This will install the package in the user local directory ~/.local/lib/python3.6/site-packages/ if you use python3.6 (you have the permissions to write in that directory as a normal user while you may not have the permissions to write in the system directories /usr/lib/python3.6/site-packages). Once installed, you can test the installed package :

mylogin@mymachine:~$ python3 -c "import examplePackage; examplePackage.thread2.main()"

Some last comments in random order. You can install the package in developer mode which is usefull if you want to test your package outside the source directory while still developing it. To install in developer mode, you need to python3 -m pip install -e . (and add the --user if required).

Setting up the module

Our module lies in the examplePackage directory. Here it is built from the thread1.py and thread2.py and an additional file, the __init__.py file. That init script is actually what makes the examplePackage directory a python module. This is the script that is executed when you call import examplePackage. In our case, we just import the two modules thread1 and thread2:

from . import thread1
from . import thread2

So that when we import examplePackage, we have access to examplePackage.thread1 and examplePackage.thread2.

Writting the setup.py script

To make a setuptools package, we define a setup.py script which contains at least a call to setuptools.setup():

import setuptools

setuptools.setup(
    name = "...",
    version = "...",
    [...]
    packages = setuptools.find_packages(),
    [...]
)

The magic function setuptools.find_packages is browsing the current directory looking for __init__.py files to determine which packages will be installed. You can do much more, for example providing dependencies that are installed with your packages if missing on the system, compiling C++ extensions, providing entrypoints, etc… We will not cover these and you can refer to the python packaging guides to know more.

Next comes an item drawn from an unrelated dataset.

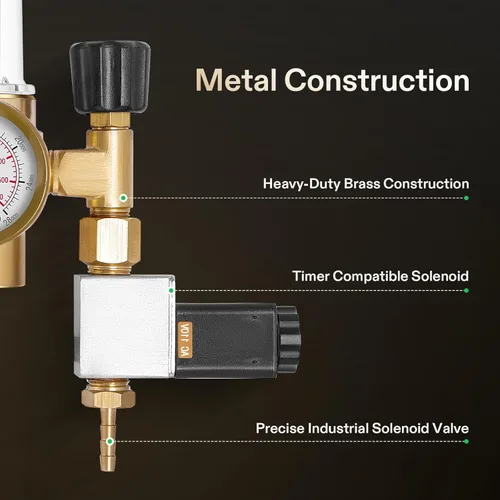 Miniatura 4 de VIVOSUN Sistema Emisor Regulador de CO2 para Hidroponía con Válvula Solenoide y Caudalímetro para Sala de Cultivo, Tienda de Cultivo, Jardín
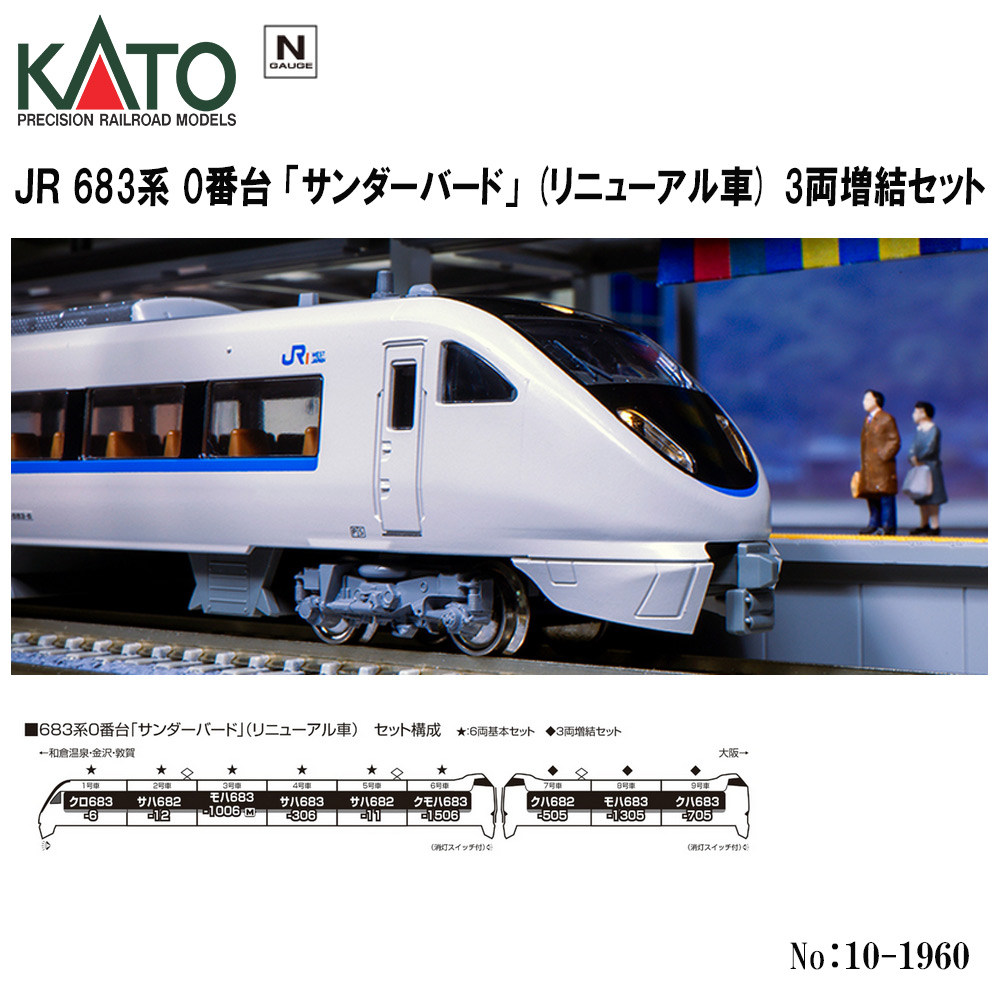 カトー 683系 0番台 「サンダーバード」 （リニューアル車） 3両増結セット 10-1960の商品画像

An example project: Simulating the Ising model

In order to demonstrate the application of the elements shown in the previous section, we will go through an example python package which features the following:
- a python package preprared with setuptools
- some classes
- a GUI for displaying the state of the simulator
- a multi-threaded program with mutex to handle concurrent access

We will also start with a pretty vague idea of what we expect to find at the end, then perform a design step and finally provide the code that makes it.

Problem statement

The Ising model is a mathematical model describing the evolution of the magnetisation of a material. For a general introduction to the Ising model and the history of its development, have a look in (Hayes, 2000). For a more in depth introduction from the statistical mechanisms side, you can check (Sethna, 2006). It considers the magnetic moment of atoms arranged on a regular lattice. The spin of an atom \(i\) is denoted \(\sigma_i \in \{-1, 1\}\). On a discrete finite lattice, there is a finite set of configurations \(\{\sigma_i, \forall i\}\). Yet, as we shall see, the Ising model brings quite intriguing variation of configurations. In the following, we will consider a square lattice.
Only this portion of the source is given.